Later, a stupa was built there as a memorial. According to the British Library, Mankiala Stupa was built during the period of Kanishka (128-151 AD) and first discovered by British traveler Mountstuart Elphinstone on his way towards Afghanistan in 1908. He also wrote a detailed account of his travels and mentioned this stupa in his memoir “Kingdom of Caubul” in 1815.

After its rediscovery, it was restored by the British rulers in 1891. There is another narrative about Mankiala Stupa. According to some historians, it was actually King Ashoka, the son of Bindusara and grandson of Chandra Gupt Mauria, who decided to embrace Buddhism as a religion after the Kalinga war in 261 BC as he was fed up with the bloodshed.
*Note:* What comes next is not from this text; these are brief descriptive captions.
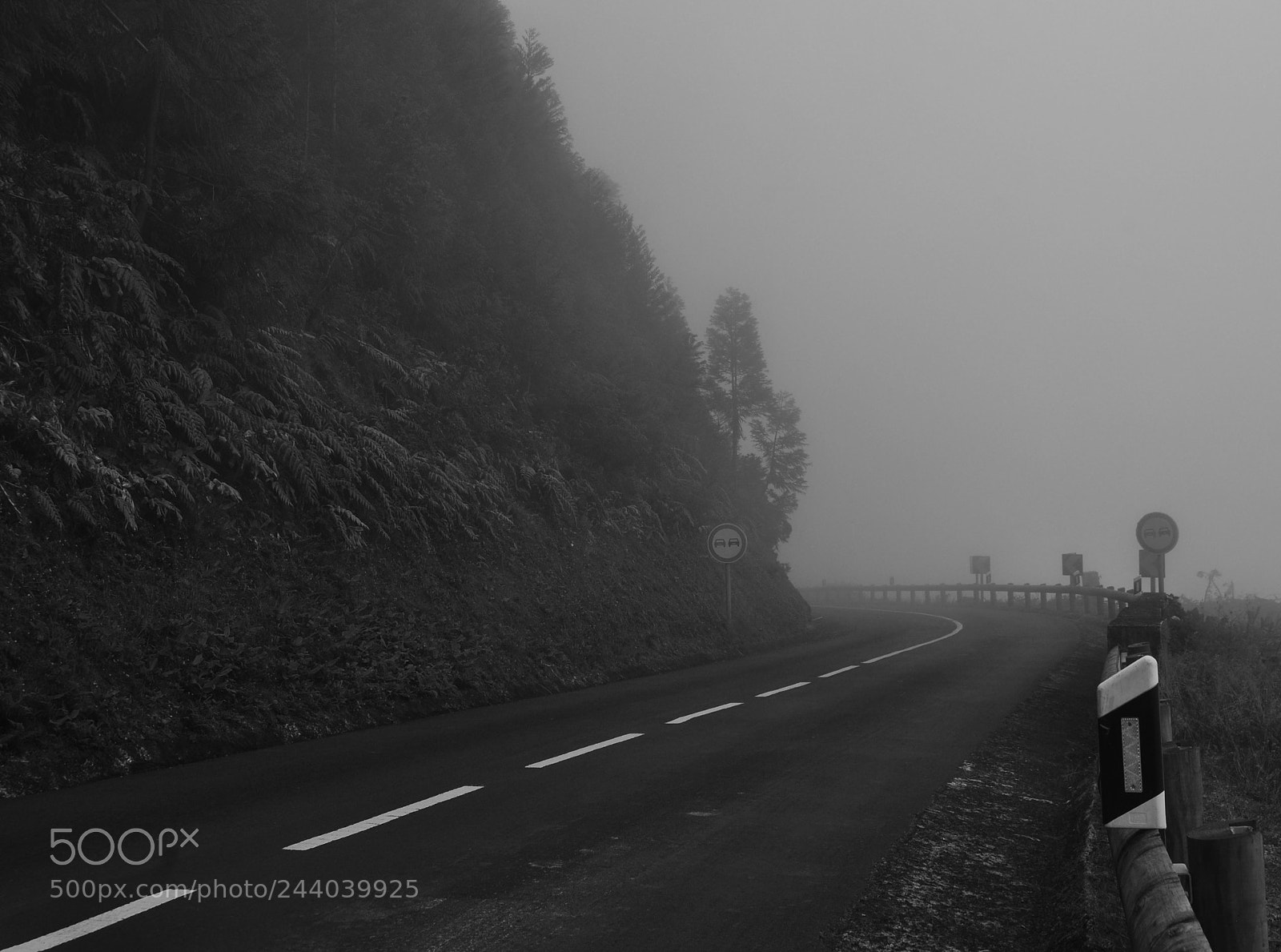 Nikon D5000 sample photo. Lost highway iii photography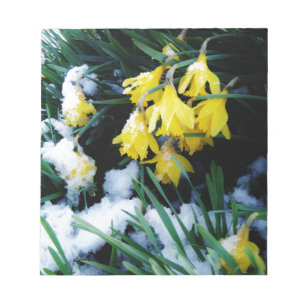 Bloc-note Jaune Daffodils fleurs dans la neige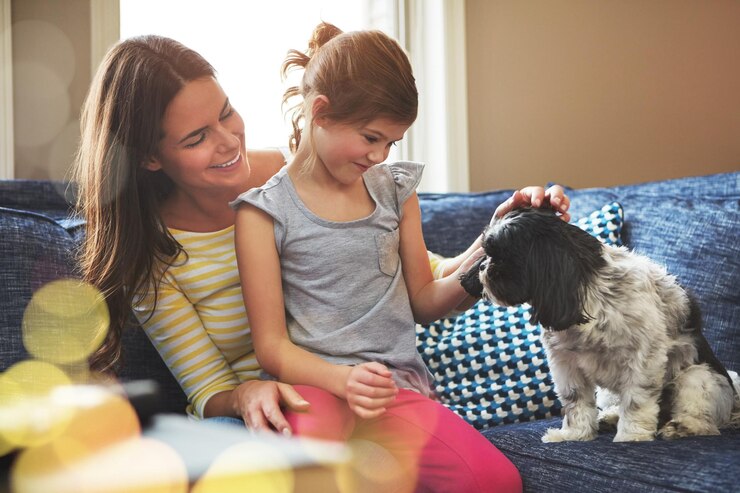 Foto mãe e cachorro no sofá com sorriso para a relação confiança e apoio para o cuidado dos animais em casa criança feliz mulher e maltês no sofá de salão para a conexão de amor e ligação juntos com o arranhão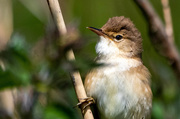19th May 2021 - Reed warbler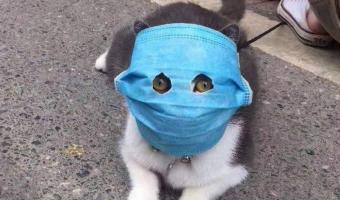 Кошка впервые в России заболела коронавирусом. Но чтобы выяснить это, ветеринарам явно пришлось помучиться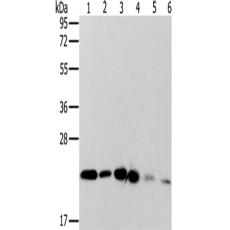 兔抗MRPL11多克隆抗體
Later, he announced Buddhism as the state religion. He also passed an order that the remains of Buddha in Kapilvastu, Nepal, be cremated, and the ashes placed in 84 different boxes of gold or silver. These boxes were then buried in 84 different places in India from Patliputra to Kandahar and stupas were constructed there in a round mound form, having seven umbrellas over them - a sacred sign in Buddhism depicting seven heavens, seven skies, seven earths, seven skin layers, seven colours and seven musical notes.

According to some researchers, Mankiala Stupa is one of those 84 stupas. Today, the Mankiala Stupa seems like an abandoned place. An iron grill has been erected around the area to protect the stupa. Tourists, especially Buddhists from different countries, often visit the place.

The stupa is in a bad shape due to negligence and desperately needs some restoration work. Wild grass has grown on the stupa while the stone blocks of its base remain broken. The relics deposited in the stupa were found by Jean-Baptiste Ventura in 1830. But all these items are now in the British Museum, London.